Task prompt: For this exercise, return all the data word for word, with images left out.

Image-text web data
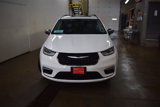 Used 2023 Chrysler Pacifica Limited image 2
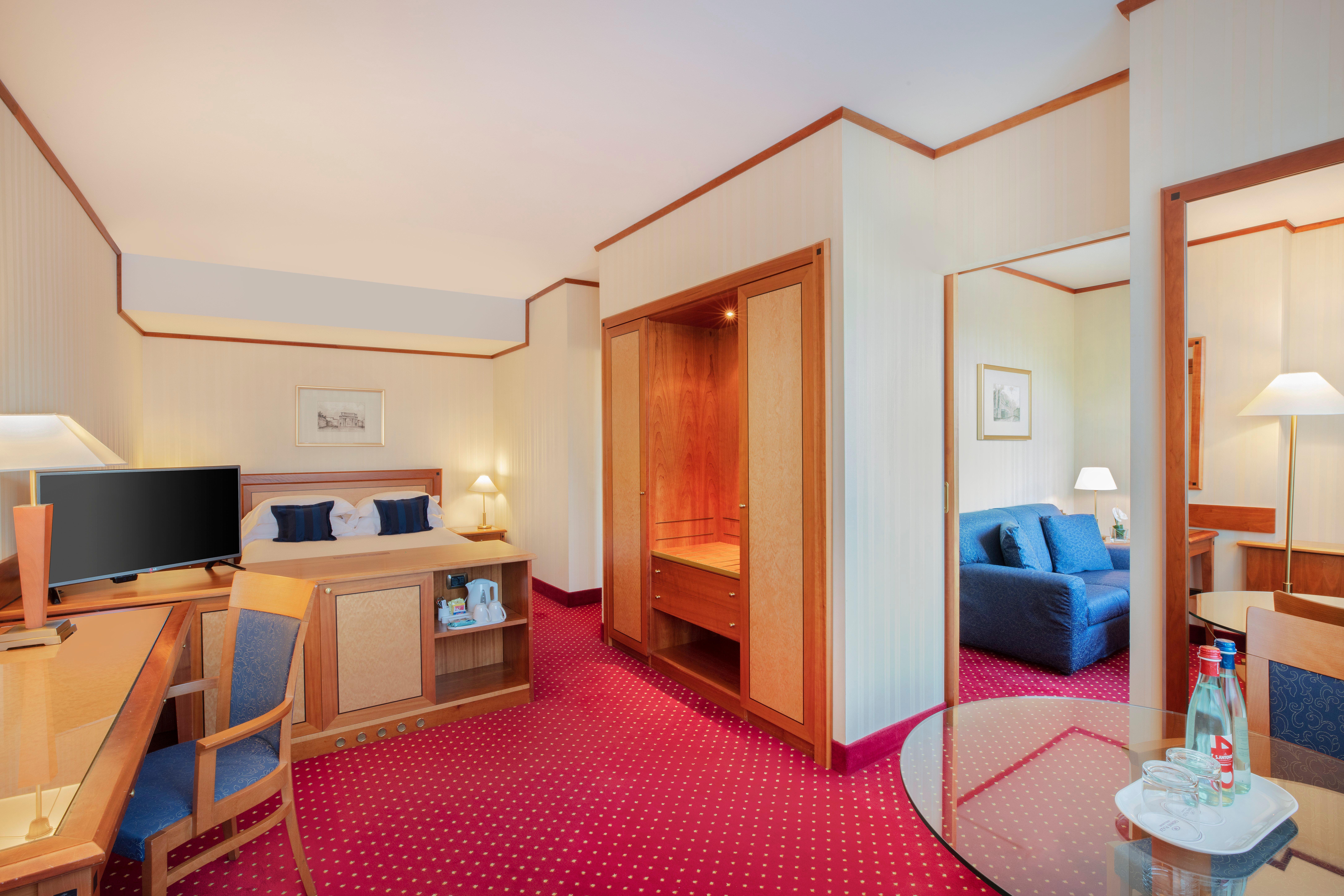 Hotel Crowne Plaza Milan Linate By Ihg San Donato Milanese Esterno foto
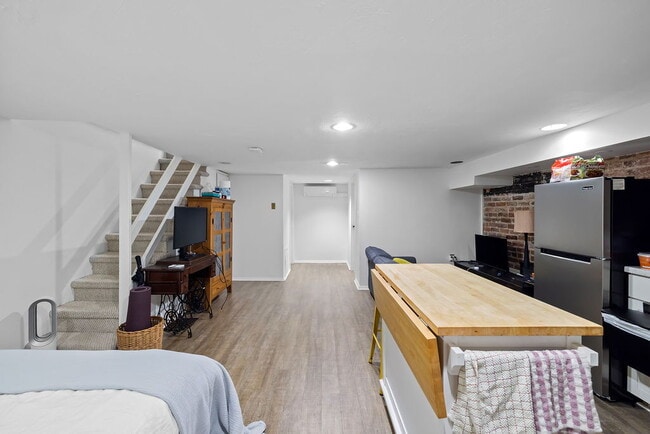 Building Photo - Beautiful, Spacious and Convenient in the HEART of DC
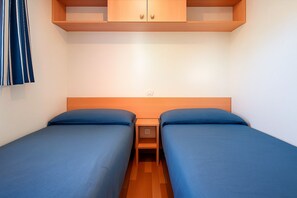 Luxury Suite, Patio | Ruang kerja komputer riba, Wi-fi percuma 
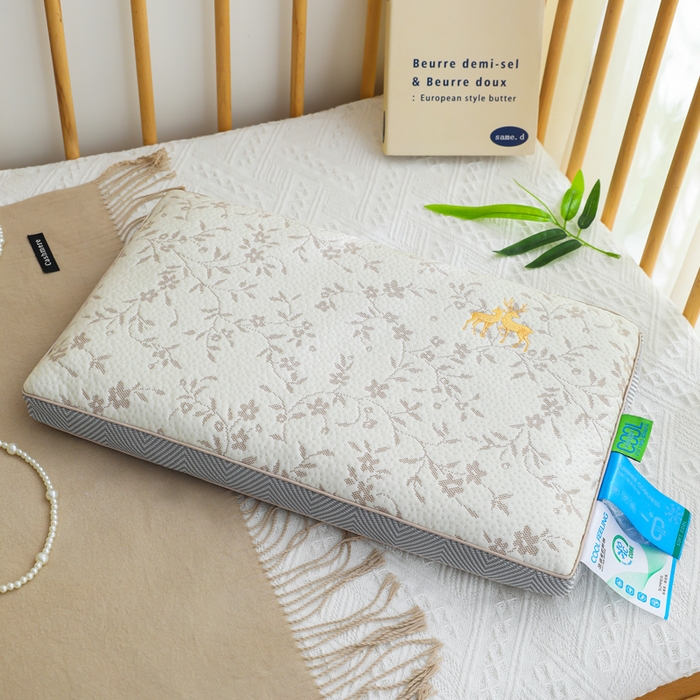 91家纺网 家纺一手货源 找家纺 （总）仁宇枕业 2026新款新品 透气款夏凉凉感丝荞麦枕头枕芯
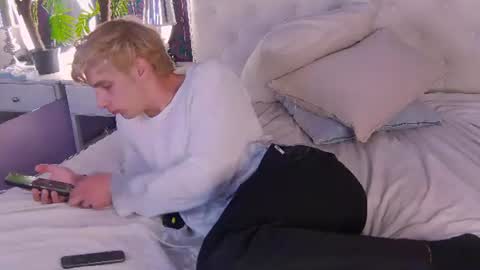 Damon online show from July 3, 7:42 pm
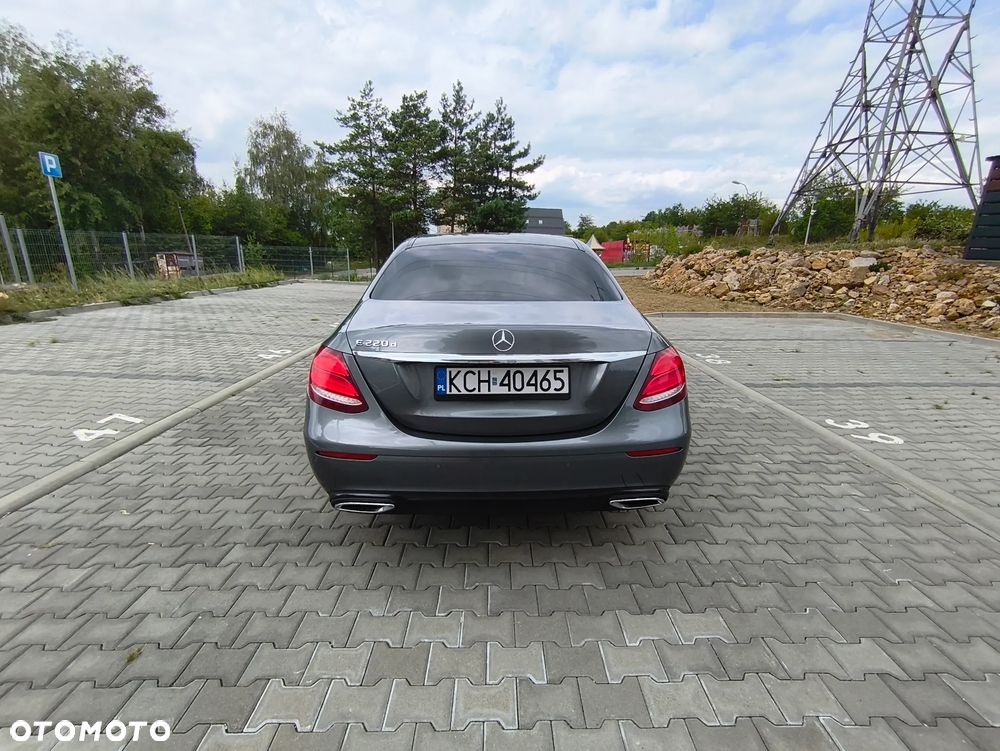 Mercedes-Benz Klasa E 220 d 9G-TRONIC AMG Line - 4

Result below:
 Used 2023 Chrysler Pacifica Limited image 2
 Hotel Crowne Plaza Milan Linate By Ihg San Donato Milanese Esterno foto
 Building Photo - Beautiful, Spacious and Convenient in the HEART of DC
 Luxury Suite, Patio | Ruang kerja komputer riba, Wi-fi percuma 
 91家纺网 家纺一手货源 找家纺 （总）仁宇枕业 2026新款新品 透气款夏凉凉感丝荞麦枕头枕芯
 Damon online show from July 3, 7:42 pm
 Mercedes-Benz Klasa E 220 d 9G-TRONIC AMG Line - 4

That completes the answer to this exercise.